Climate Change: “Make Our Leaders Turn Their Words into Action,” Says CWS


September 24, 2014

CWS CEO Rev. John McCullough and Kul Chandra Gautam of UNICEF at the Interfaith Summit on Climate Change Photo: Lesley Crosson / CWS

CWS CEO Rev. John McCullough and Kul Chandra Gautam of UNICEF at the Interfaith Summit on Climate Change Photo: Lesley Crosson / CWS

NEW YORK, Sept. 24, 2014 — CWS President and CEO the Rev. John L. McCullough today expressed “encouragement” over the global spotlight placed on climate change at a summit held in conjunction with the Sept. 16 – Oct. 1 United Nations General Assembly here and also called for action.

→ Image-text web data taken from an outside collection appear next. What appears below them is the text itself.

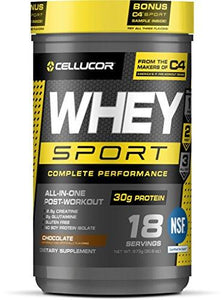Whey Sport Protein Powder AllInOnePostWorkout Supplement Chocolate 18 Servings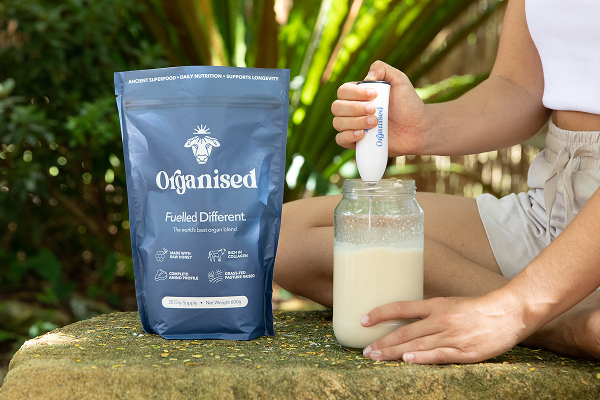 Blending beef and whey protein into a milkshake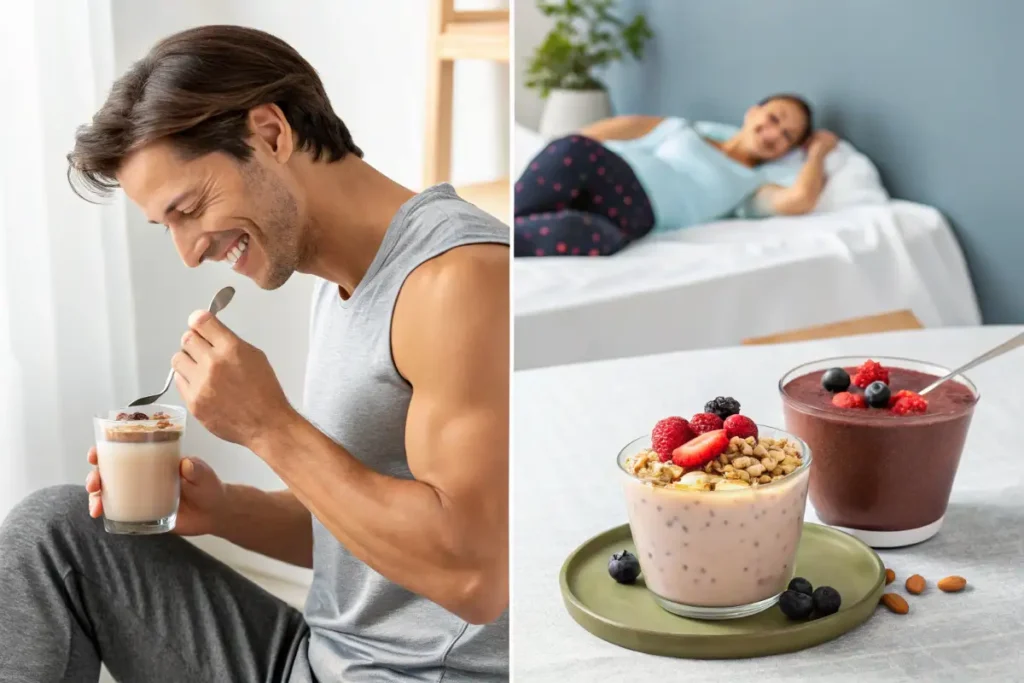 A split screen showing protein pudding as a post-workout and bedtime snack.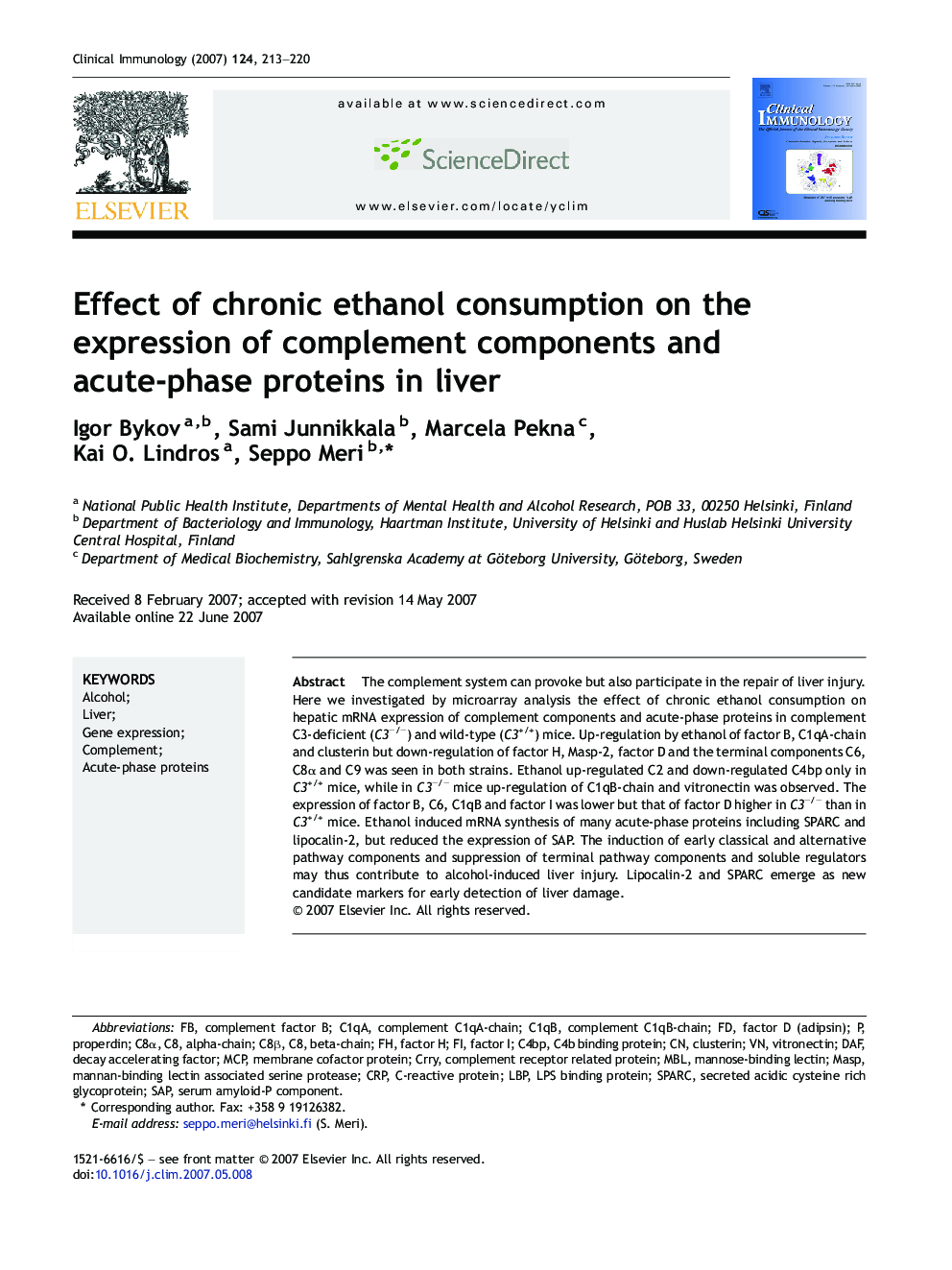 Effect of chronic ethanol consumption on the expression of complement components and acute-phase proteins in liver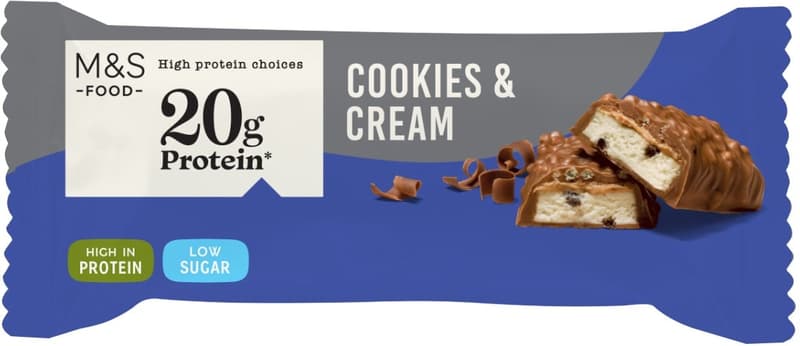Marks and Spencer Cream biscuit protein bar dipped in milk chocolate with added sweetener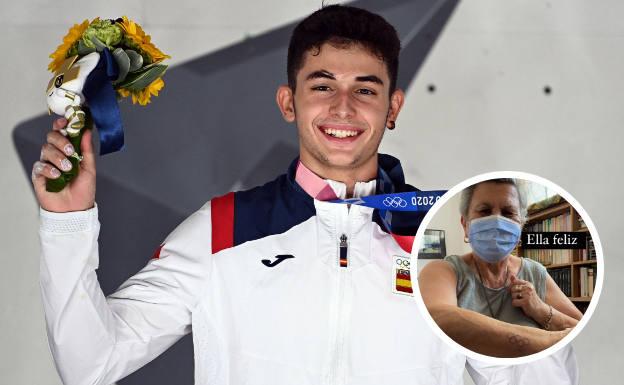 La abuela de Alberto Ginés, oro en escalada en Tokio, «presume» de nieto y se hace viral con un tatuaje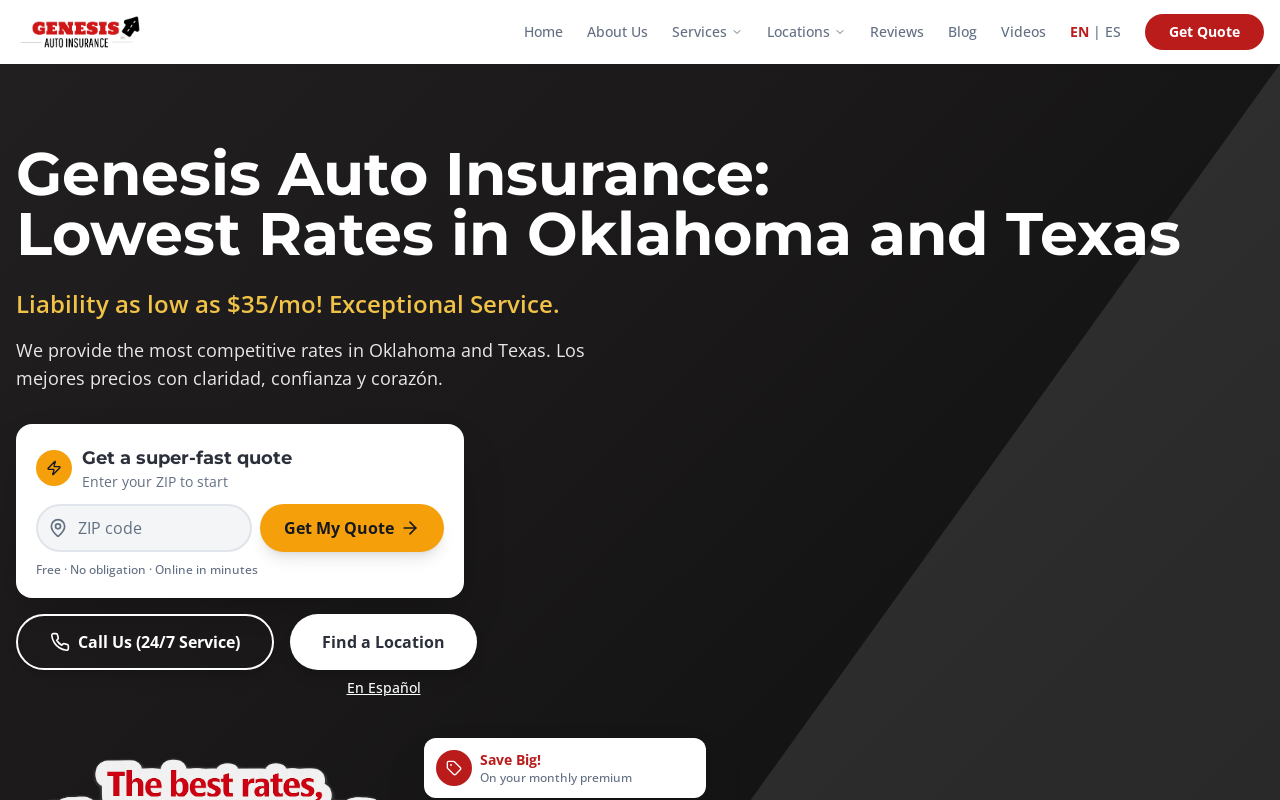 Genesis Auto Insurance — screenshot of their official website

McCullough, who has led the humanitarian agency’s many years of advocacy around climate change said, “This General Assembly suggests that the cloud of public, private and governmental skepticism about changes in climate is lifting. It is encouraging that under Secretary-General Ban Ki-moon’s leadership the urgency of acting now is a message being embraced by our world leaders.”

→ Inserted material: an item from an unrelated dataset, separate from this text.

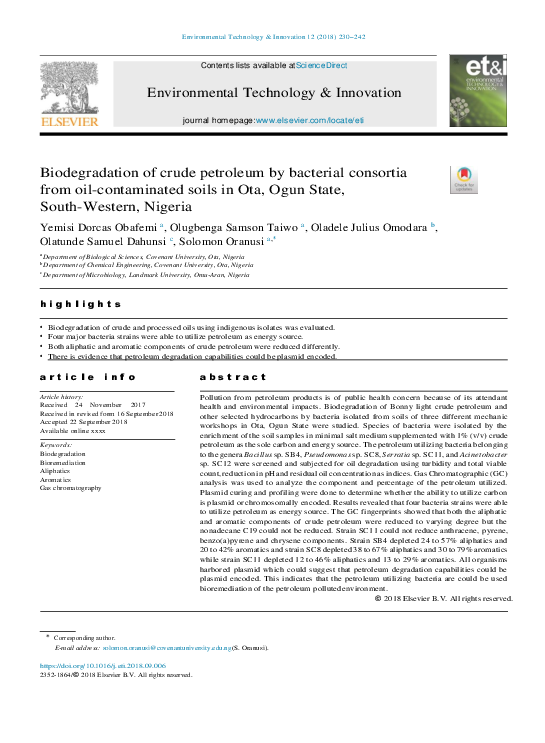 (PDF) Biodegradation of crude petroleum by bacterial consortia from oil ...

The U.N. summit meetings were preceded by an Interfaith Summit on Climate Change, held Tuesday at the Church Center for the United Nations and a Sunday climate march at which some 400,000 people from around the world — including a delegation from CWS – filled the streets of midtown Manhattan to sound the alarm about global warming.

In a speech to world leaders gathered at the U.N. summit to publicly declare their countries’ concern and commitment to addressing the problem, President Barack Obama said that the phenomenon is “one issue that will define the contours of this century more dramatically than any other.”

American leadership on the issue over the past five years, McCullough said “has been impressive,” but he cautioned that the challenge remains that of transforming great speeches into specific, tangible and measureable actions.”

McCullough called on global citizens to be “resolute in holding our leaders accountable,” and expressed the hope that “China, America and the community of nations will be even more innovative, aggressive and successful in the five years ahead.”

The heightened attention to climate change comes at a time when some countries, particularly those in the Pacific islands – where CWS engages in relief and development work among those most affected by climate change – already are feeling the devastating effects of global warming in the form of land being submerged by rising sea levels and soil erosion.  As a result of the increasingly volatile weather, more and more people around the world are being displaced from their communities, property is being destroyed and agriculture and food security is threatened.

“It is frightening to hear that we might be the last generation that can do something about climate change,” said McCullough, who also cautioned against any reduction in public activism around government attempts to find a just and equitable solution to the problem.

“There is no doubt that much of the impetus is the result of public outcry. And so our efforts must continue. As President Obama noted, what we fail to do today will have a direct impact on future generations.”